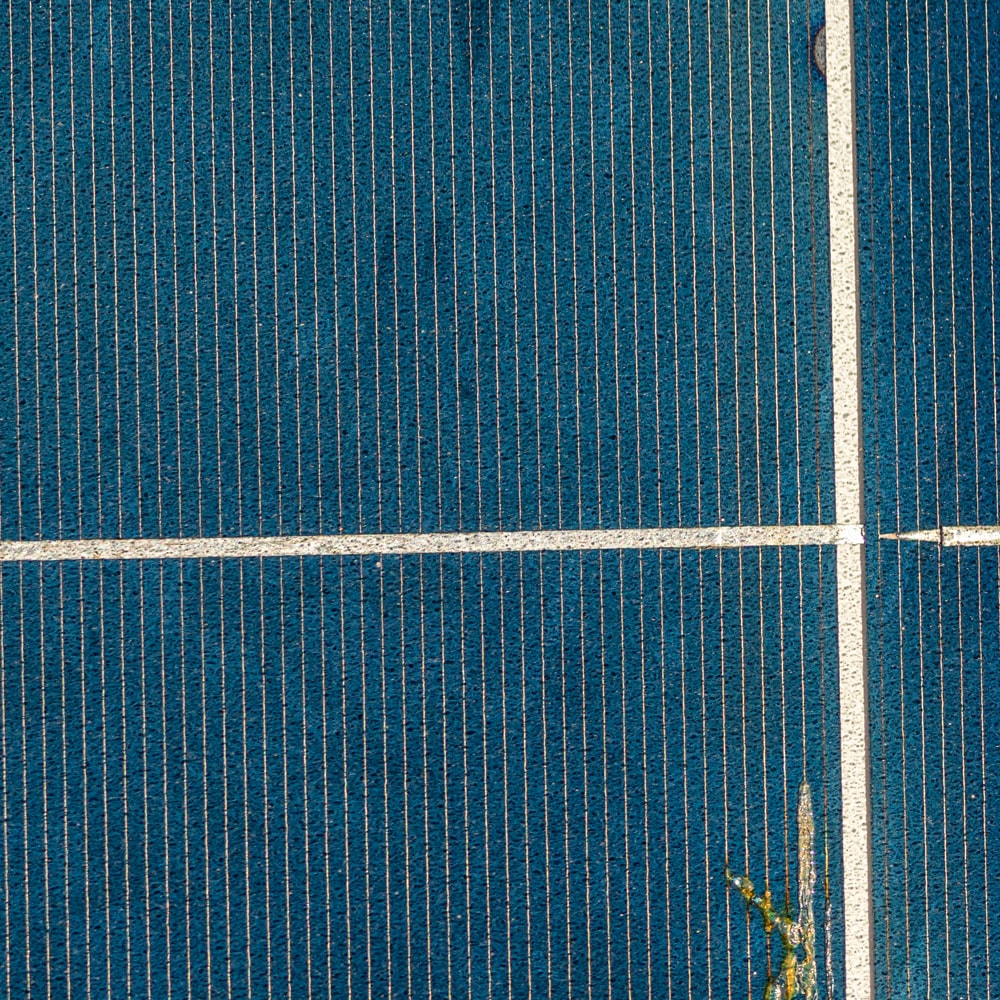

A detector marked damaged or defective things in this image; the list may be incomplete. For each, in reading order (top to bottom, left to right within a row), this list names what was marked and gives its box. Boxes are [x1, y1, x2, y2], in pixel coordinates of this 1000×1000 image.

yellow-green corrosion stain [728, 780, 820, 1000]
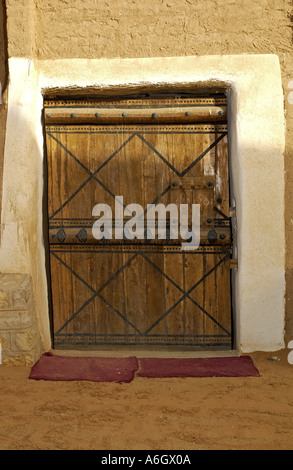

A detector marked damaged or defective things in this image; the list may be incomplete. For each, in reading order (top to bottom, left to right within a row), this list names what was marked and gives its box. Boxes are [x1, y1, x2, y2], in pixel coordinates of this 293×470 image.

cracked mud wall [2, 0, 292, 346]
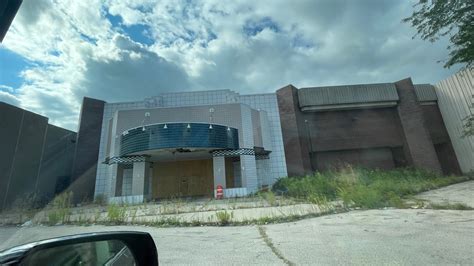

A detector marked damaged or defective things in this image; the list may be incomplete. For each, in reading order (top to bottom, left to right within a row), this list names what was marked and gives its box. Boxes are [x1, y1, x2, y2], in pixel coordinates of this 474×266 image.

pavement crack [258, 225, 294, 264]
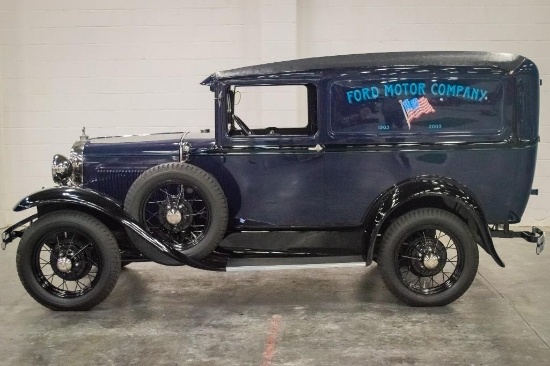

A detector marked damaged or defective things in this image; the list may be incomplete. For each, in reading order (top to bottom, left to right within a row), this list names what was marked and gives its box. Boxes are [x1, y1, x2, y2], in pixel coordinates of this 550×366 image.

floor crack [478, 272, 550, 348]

> **ASSIGNMENT**
Up to the line containing "this 550×366 image.", skip everything; from that line through the last line above, return each line exactly.

> **RESULT OF THIS TASK**
A detector marked damaged or defective things in this image; the list may be incomplete. For each, in reading order (top to bottom, left to right within a row), this list names what was marked and gives its box. Boxes are [x1, y1, x2, y2], in pixel coordinates of this 550×366 image.

floor crack [478, 272, 550, 348]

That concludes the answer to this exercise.